TO DO |
Nothing outside the lines below from the one containing "Cádiz presenta a Meré. (Cádiz Oficial)" through the one containing "Perfume de mujer eau de parfum 3,4 oz" is to be printed; print those exactly, ends included, and drop the pictures.

Captioned web images:
• • • • •

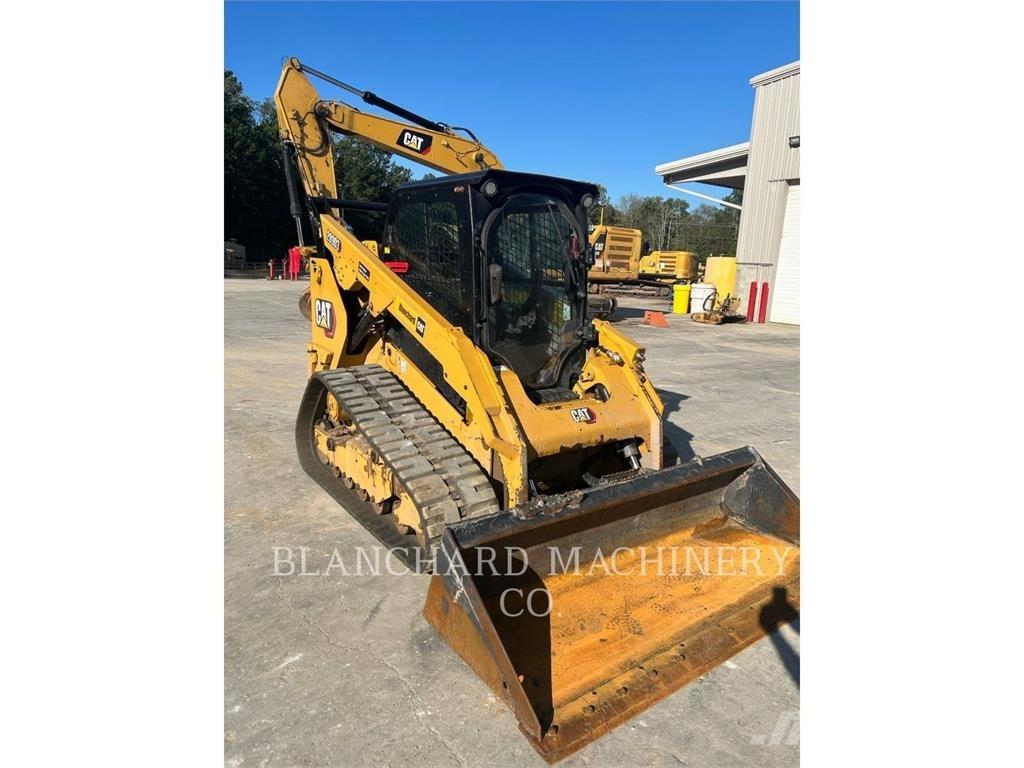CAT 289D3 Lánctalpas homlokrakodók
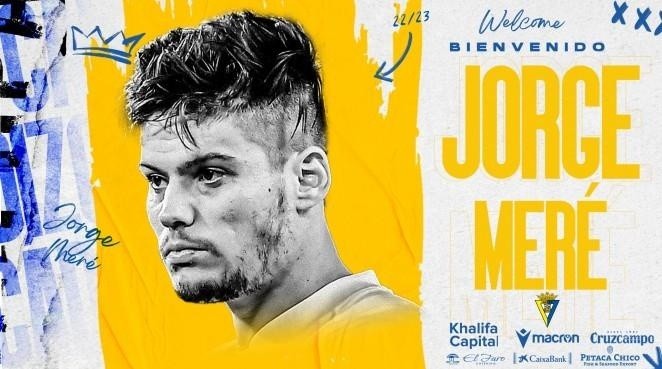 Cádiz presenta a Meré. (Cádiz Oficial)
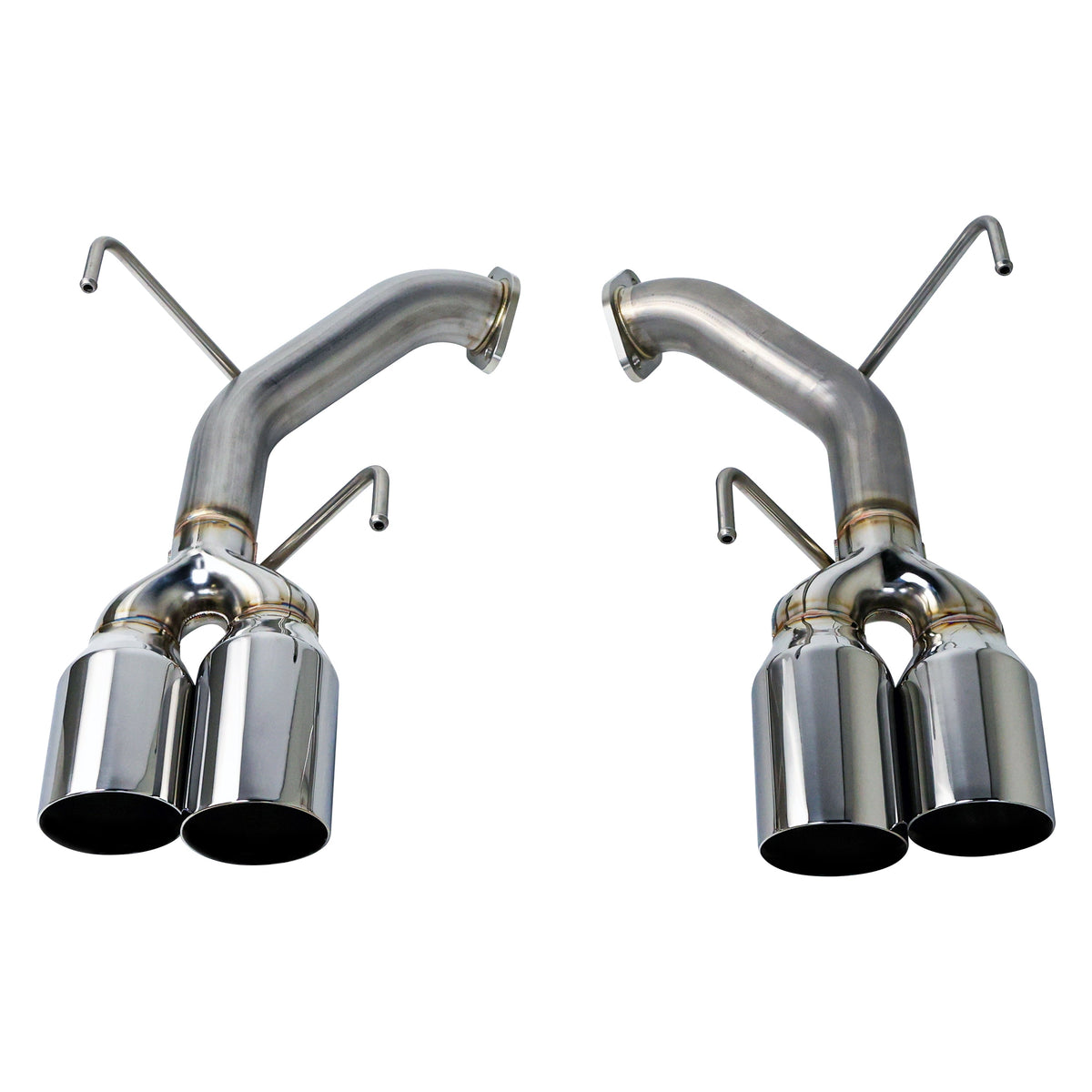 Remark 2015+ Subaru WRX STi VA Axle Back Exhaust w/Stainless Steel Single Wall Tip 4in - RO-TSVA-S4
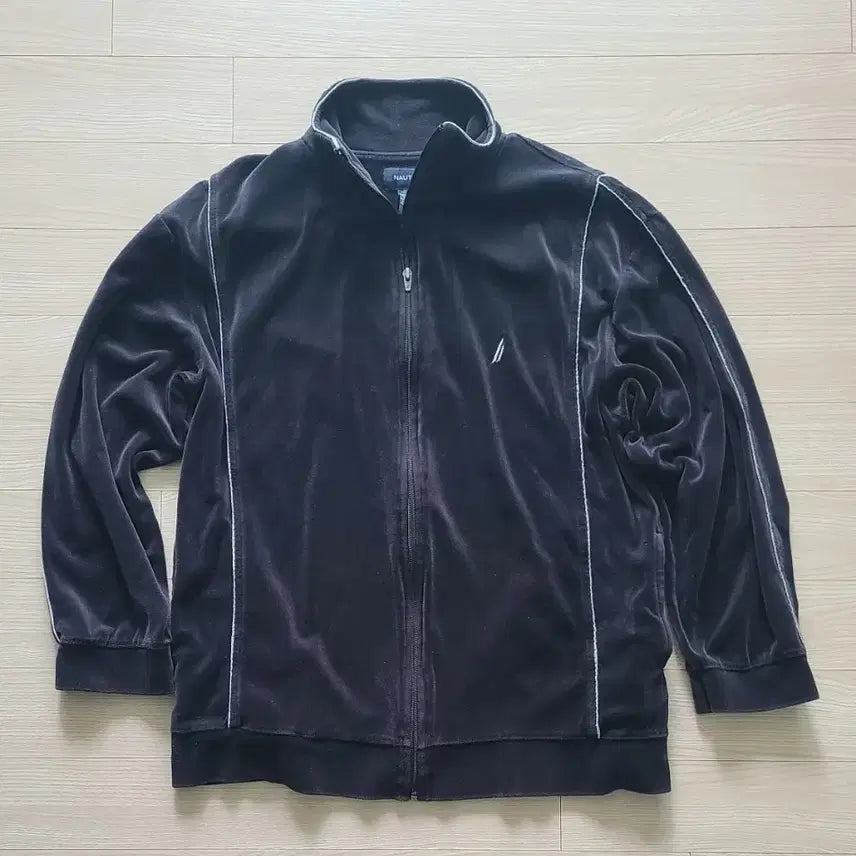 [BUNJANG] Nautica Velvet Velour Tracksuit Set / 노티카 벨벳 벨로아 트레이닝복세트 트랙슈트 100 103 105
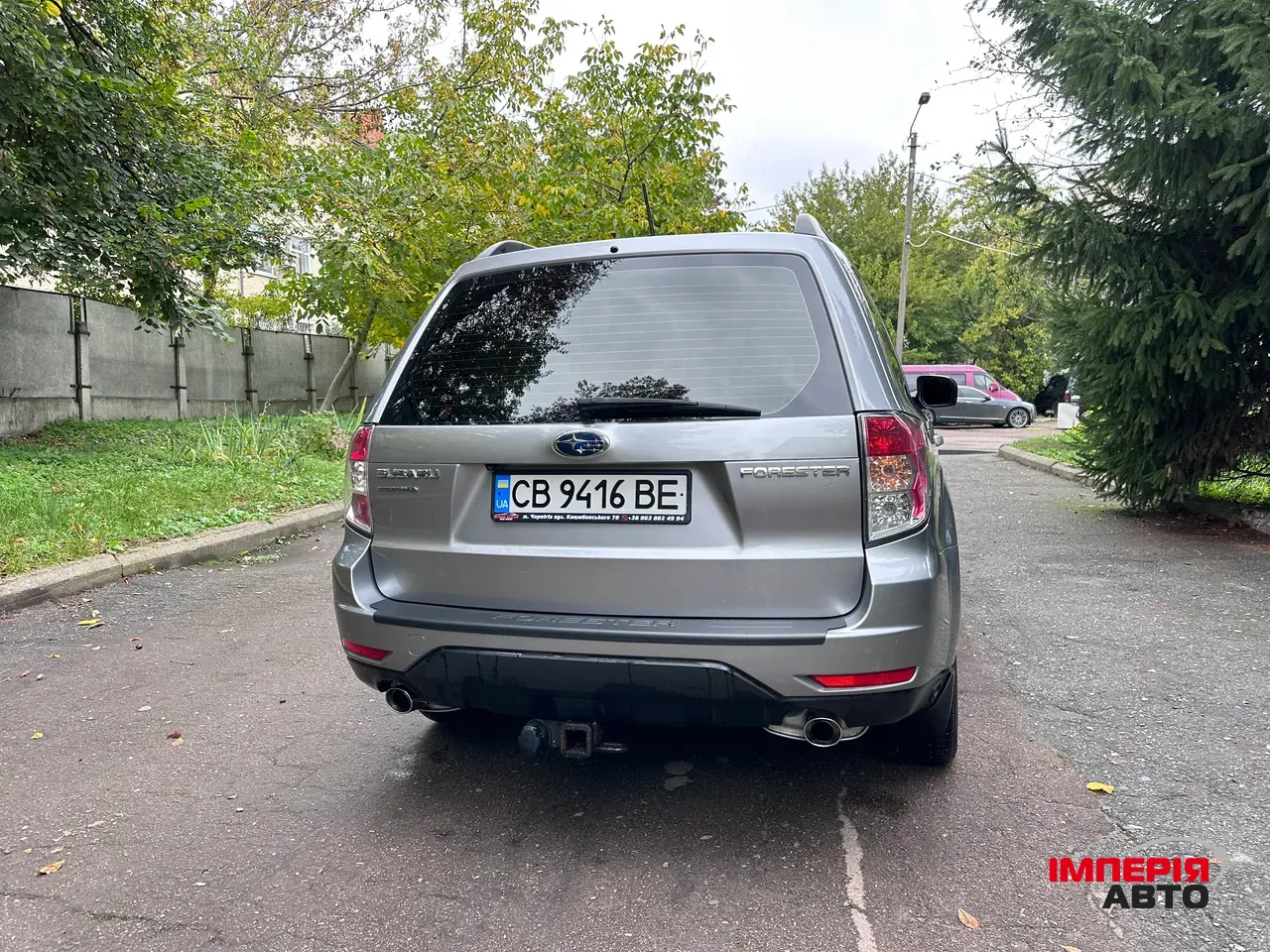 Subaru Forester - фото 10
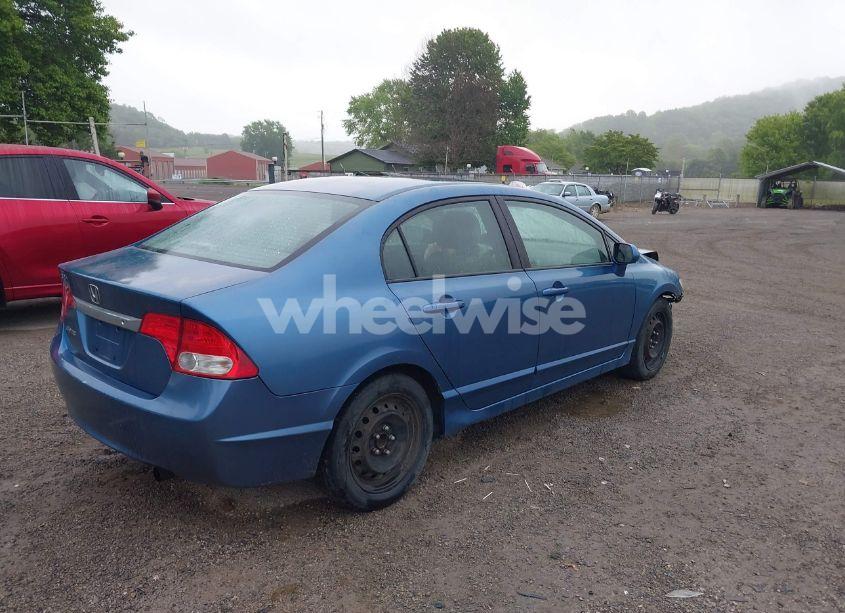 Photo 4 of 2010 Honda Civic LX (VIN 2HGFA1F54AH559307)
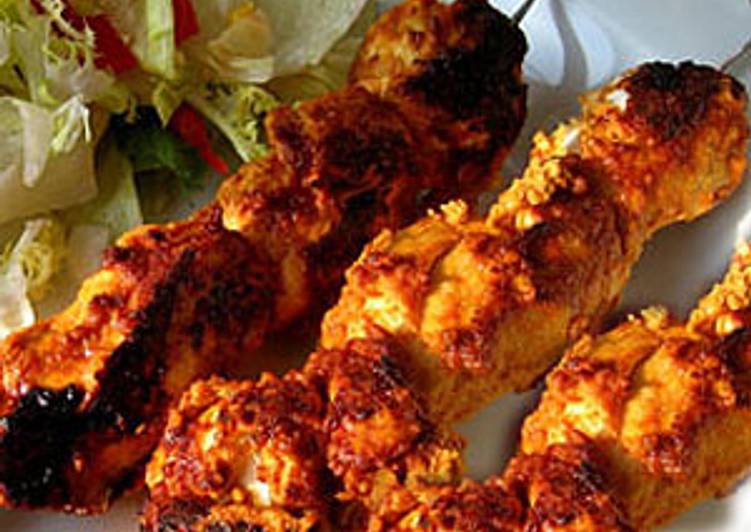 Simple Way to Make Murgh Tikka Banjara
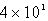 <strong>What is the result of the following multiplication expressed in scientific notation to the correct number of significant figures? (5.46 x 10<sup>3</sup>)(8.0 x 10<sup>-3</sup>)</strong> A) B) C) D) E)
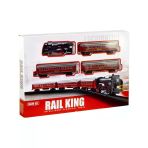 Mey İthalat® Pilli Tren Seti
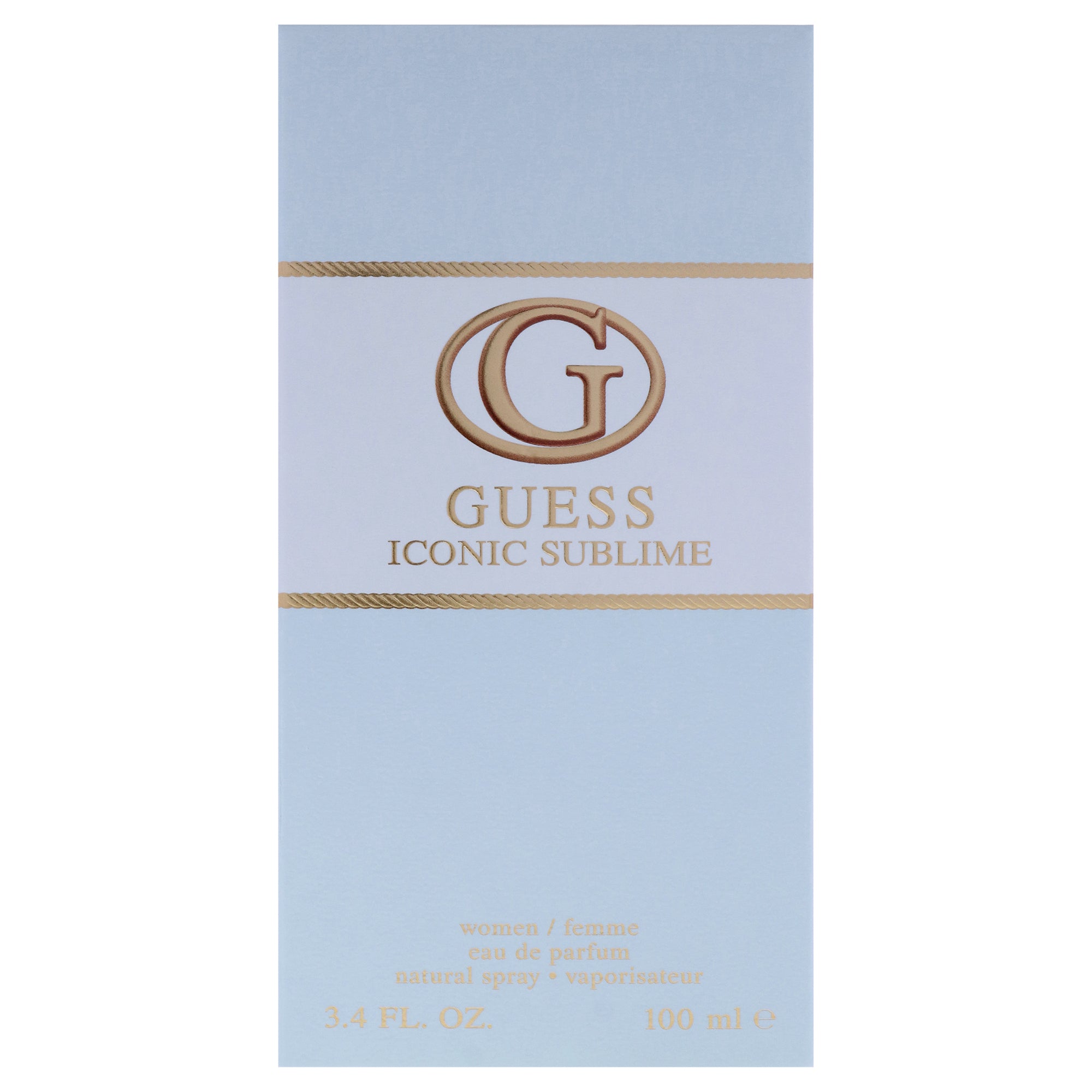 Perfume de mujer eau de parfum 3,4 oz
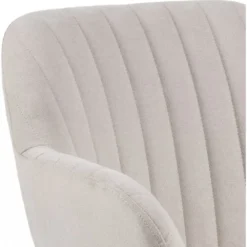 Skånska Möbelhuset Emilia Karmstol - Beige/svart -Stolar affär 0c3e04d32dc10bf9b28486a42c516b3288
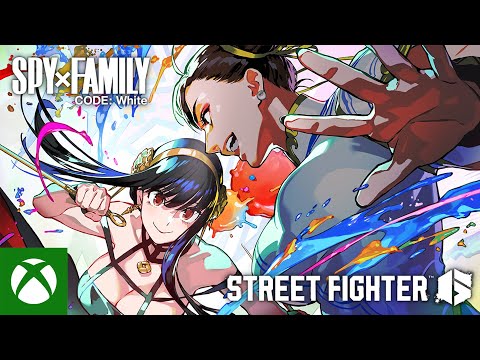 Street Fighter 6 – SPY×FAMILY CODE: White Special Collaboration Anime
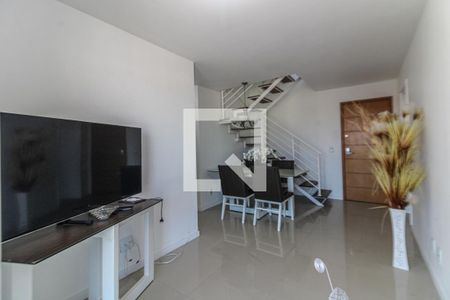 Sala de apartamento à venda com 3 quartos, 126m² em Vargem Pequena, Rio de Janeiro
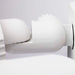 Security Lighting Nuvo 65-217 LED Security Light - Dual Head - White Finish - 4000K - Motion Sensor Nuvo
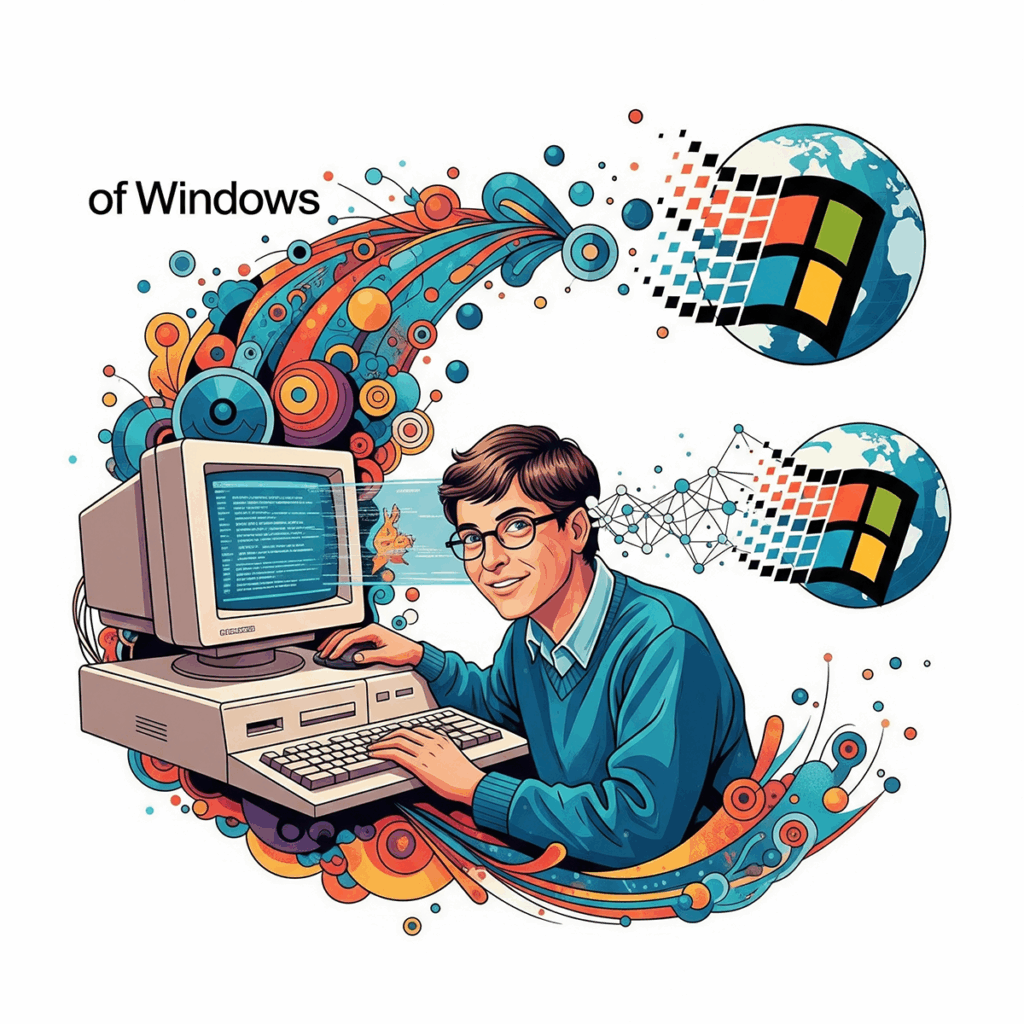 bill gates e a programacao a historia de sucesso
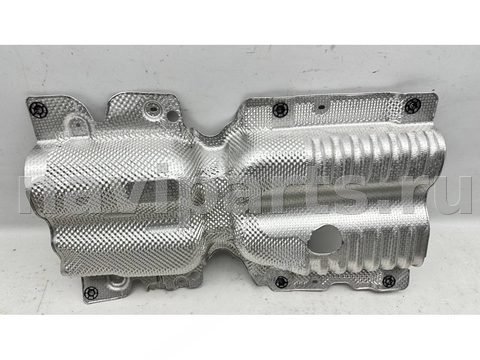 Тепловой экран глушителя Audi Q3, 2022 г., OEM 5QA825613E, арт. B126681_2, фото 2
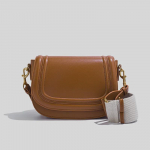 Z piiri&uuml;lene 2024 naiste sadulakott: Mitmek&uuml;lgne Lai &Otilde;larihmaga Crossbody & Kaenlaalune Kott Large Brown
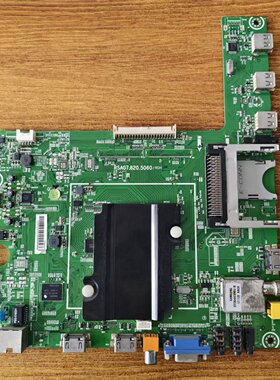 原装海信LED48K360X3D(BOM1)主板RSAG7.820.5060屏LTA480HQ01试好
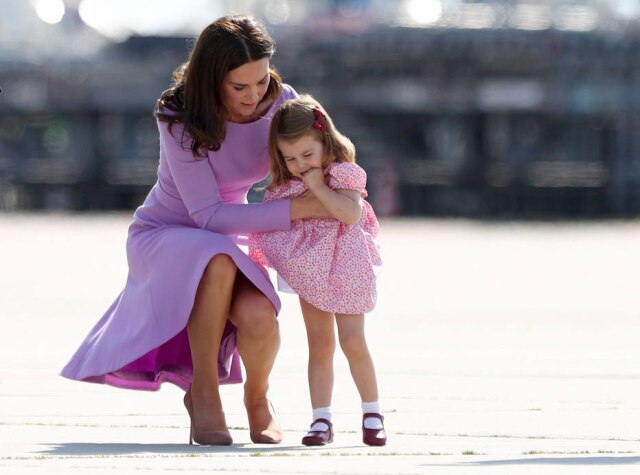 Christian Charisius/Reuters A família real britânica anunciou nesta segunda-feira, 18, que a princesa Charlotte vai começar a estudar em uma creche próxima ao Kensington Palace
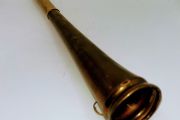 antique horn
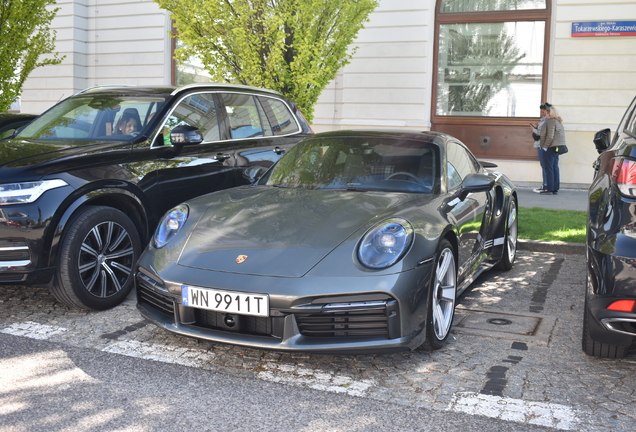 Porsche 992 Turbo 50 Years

• • • • •

PROBLEM SOLUTION |
 Cádiz presenta a Meré. (Cádiz Oficial)
 Remark 2015+ Subaru WRX STi VA Axle Back Exhaust w/Stainless Steel Single Wall Tip 4in - RO-TSVA-S4
 [BUNJANG] Nautica Velvet Velour Tracksuit Set / 노티카 벨벳 벨로아 트레이닝복세트 트랙슈트 100 103 105
 Subaru Forester - фото 10
 Photo 4 of 2010 Honda Civic LX (VIN 2HGFA1F54AH559307)
 Simple Way to Make Murgh Tikka Banjara
 <strong>What is the result of the following multiplication expressed in scientific notation to the correct number of significant figures? (5.46 x 10<sup>3</sup>)(8.0 x 10<sup>-3</sup>)</strong> A) B) C) D) E)
 Mey İthalat® Pilli Tren Seti
 Perfume de mujer eau de parfum 3,4 oz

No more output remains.